Powstała w 2001 r., wkrótce miała zostać zarejestrowana, ale nie chciałem, żeby znikła tak szybko, jak istniejąca wcześniej Polska Partia Przyjaciół Piwa. To jest żart, kpina, parodia polityki (składka członkowska wynosi 3 uśmiechy dziennie), dlatego jej legitymacje chętnie przyjmują również celebryci, VIP-y i osoby dystansujące się od polityki – aktorzy, dziennikarze, ludzie kultury, itd. Partia Dobrego Humoru (po angielsku: Good Humor Party) w swoich szeregach obecnie ma ponad 4 tys. członków. Ty przecież też w niej jesteś. Wśród nich jest również sporo karykaturzystów z całego świata, czyli moi koledzy po fachu. Rozweselamy wspólnie świat jednak bez angażowania się w tzw. poważną politykę. Ale żeby było jeszcze weselej i dziwniej, to w Wikipedii można poczytać o nas tylko w języku angielskim, bo z polskiej wersji PDH, po kilku latach istnienia, zostaliśmy wykasowani. Nie mieściliśmy się – jako wesoła partia – w kanonie „poważnej” encyklopedii.

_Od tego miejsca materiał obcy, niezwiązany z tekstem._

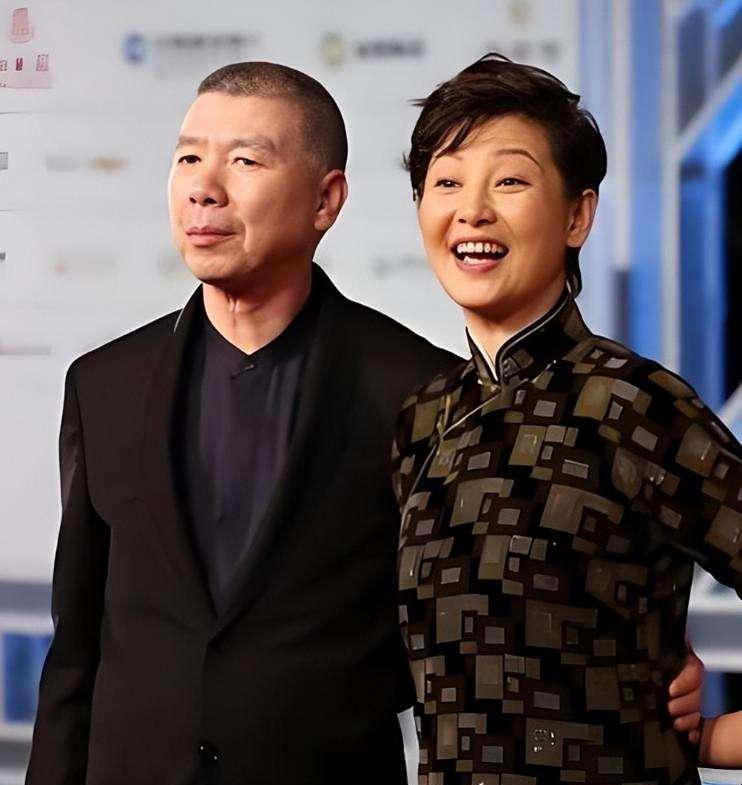 徐帆带女澄清婚变传言,回顾多年感情历程,冯小刚风流旧闻重被翻出!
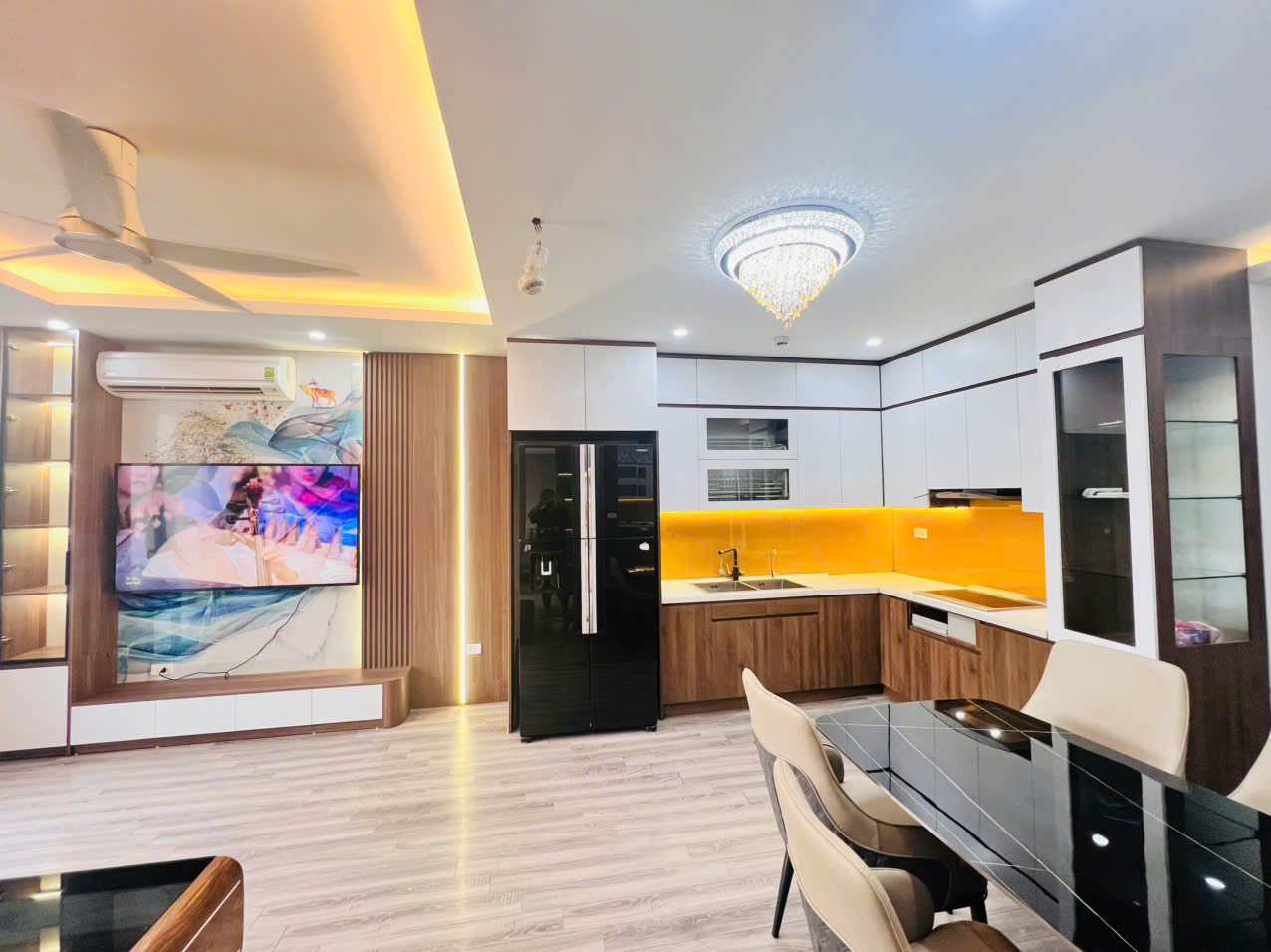 Bán nhanh căn hộ 3 ngủ Thống Nhất Complex dt 90m2, giá tốt 2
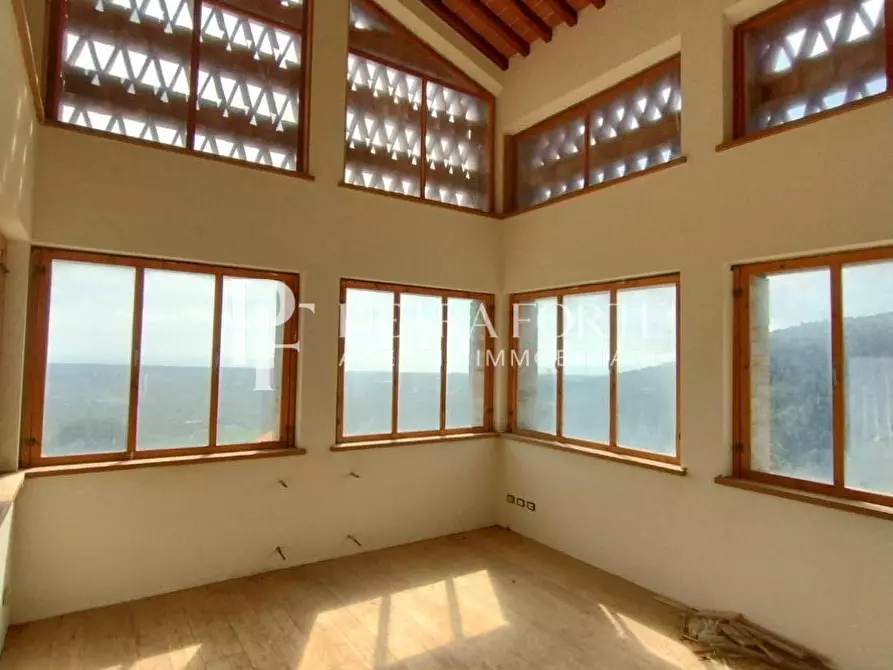 Immagine 8 di Rustico / casale in vendita  a Pietrasanta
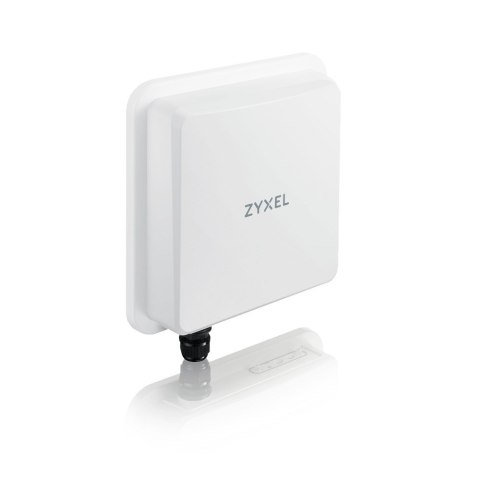 Zyxel Nebula 5G NR Outdoor Router FWA710, Standalone/Nebula with 1 year Nebula Pro License, 2.5G LAN, EU and UK Zyxel Nebula 5G NR Outdoor Router FWA710, Standalone/Nebula with 1 year Nebula Pro License, 2.5G LAN, EU and UK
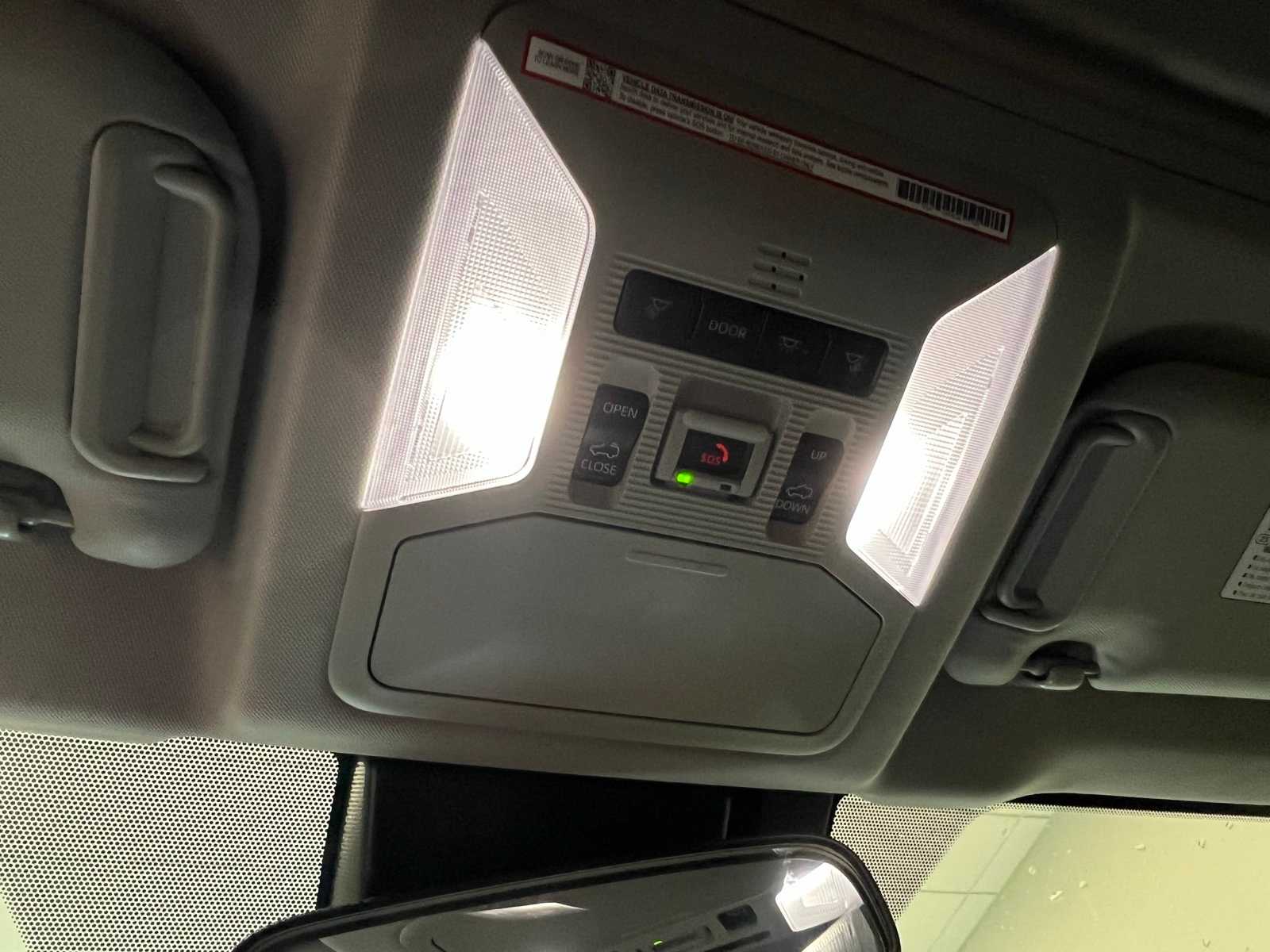 Thumbnail: 2025 Toyota RAV4 - 29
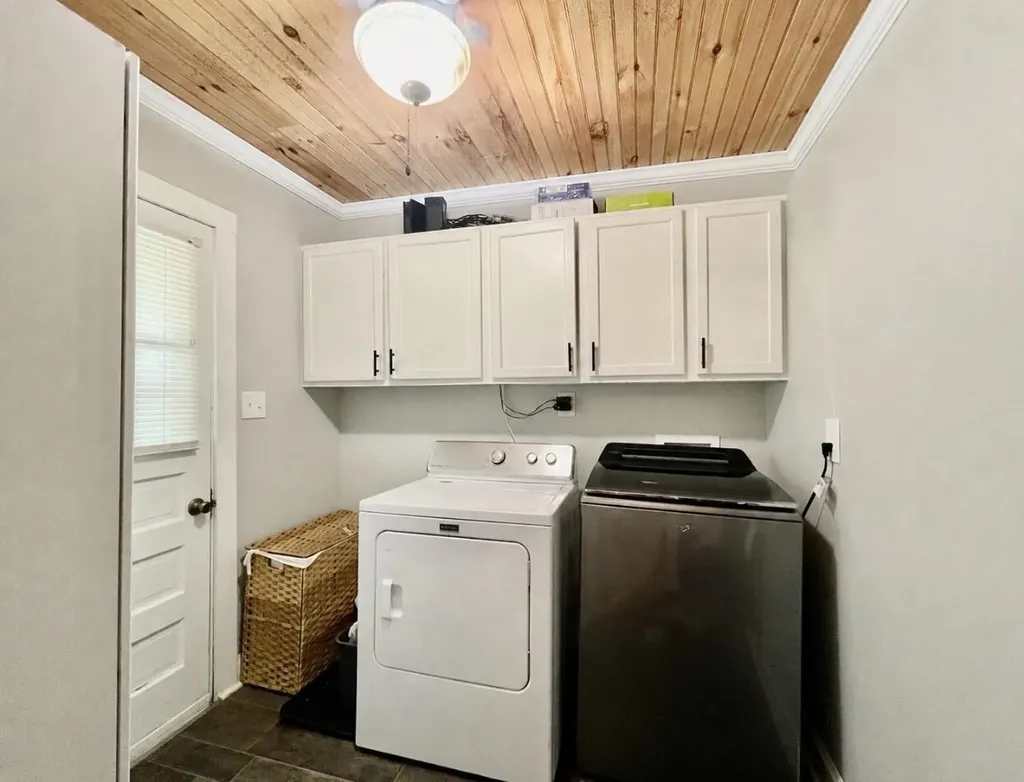 75 W Mclaughlin Avenue Madisonville KY 42431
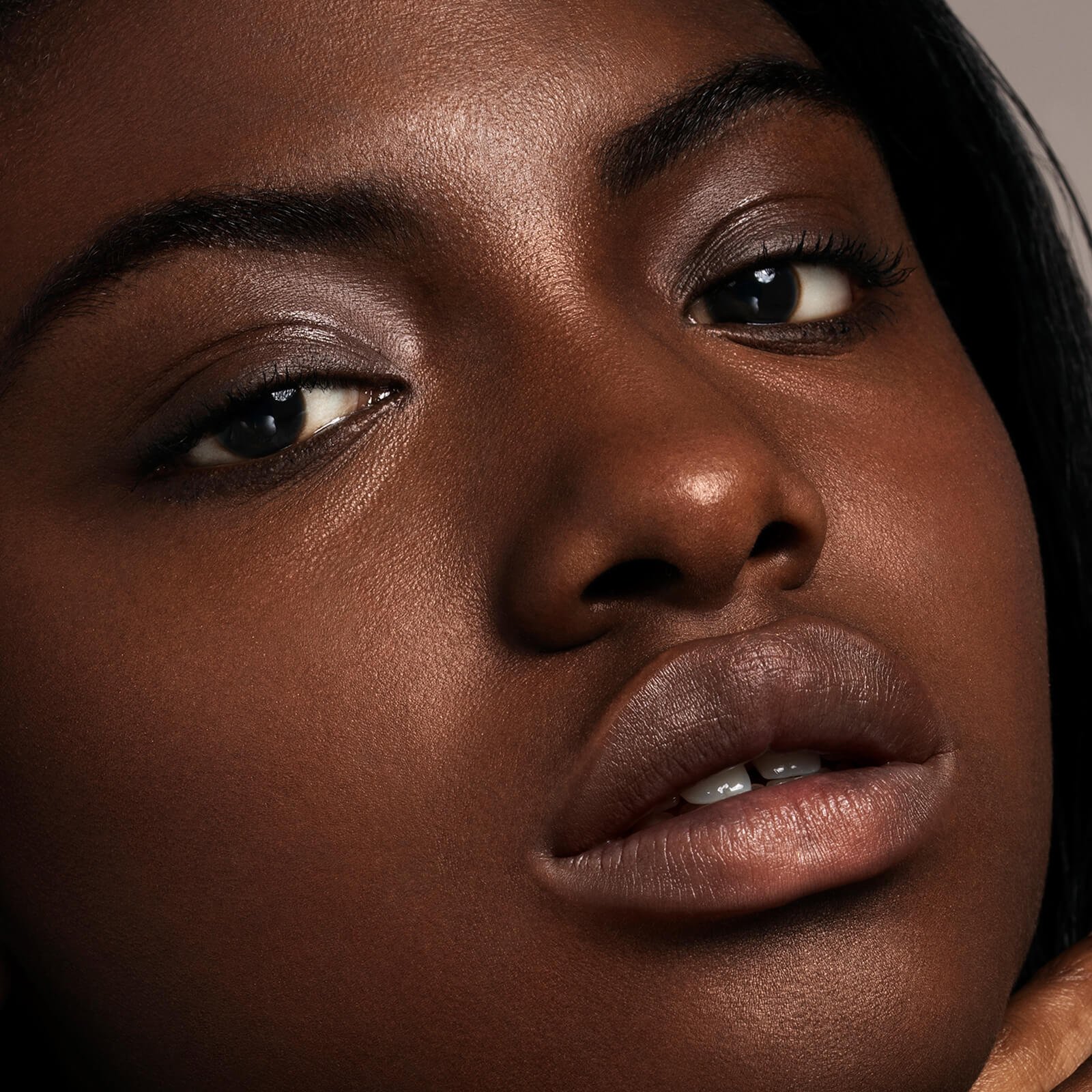 Thumbnail - Ciaté London Extraordinary Radiant Buildable Liquid Foundation 50ml (Various Shades) - 160P Chestnut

– Jako karykaturzysta – rysownik odwiedziłeś niemal cały świat. Byłeś zapraszany do USA, Australii, wielu krajów Europy. Z tego wniosek, że świat lubi się śmiać. A Polacy mają poczucie humoru?
Oczywiście, pod warunkiem, że satyra ich nie dotyczy. Lubimy drwić, kpić z innych, nie widząc tego jacy sami jesteśmy (śmieszni). Jesteśmy najczęściej śmiertelnie poważni i nie tolerancyjni. A świat jest inny. Mam wrażenie, że cudzoziemcy bardziej spontanicznie i serdecznie reagują na widok swojej karykatury. Lubię podejście do życia Amerykanów. Oni są pogodni, weseli i doceniają osoby, które coś w życiu osiągnęły. I mają przy tym dystans do siebie. Są otwarci i tolerancyjni. Tymczasem Polacy takich ludzi nie lubią. U nas nie wypada chwalić się swoimi osiągnięciami, każdy winien równać do średniaków i nie wychylać się. To taka smutna polska przypadłość. Więc ja mam co obnażać i wywoływać satyrą uśmiech.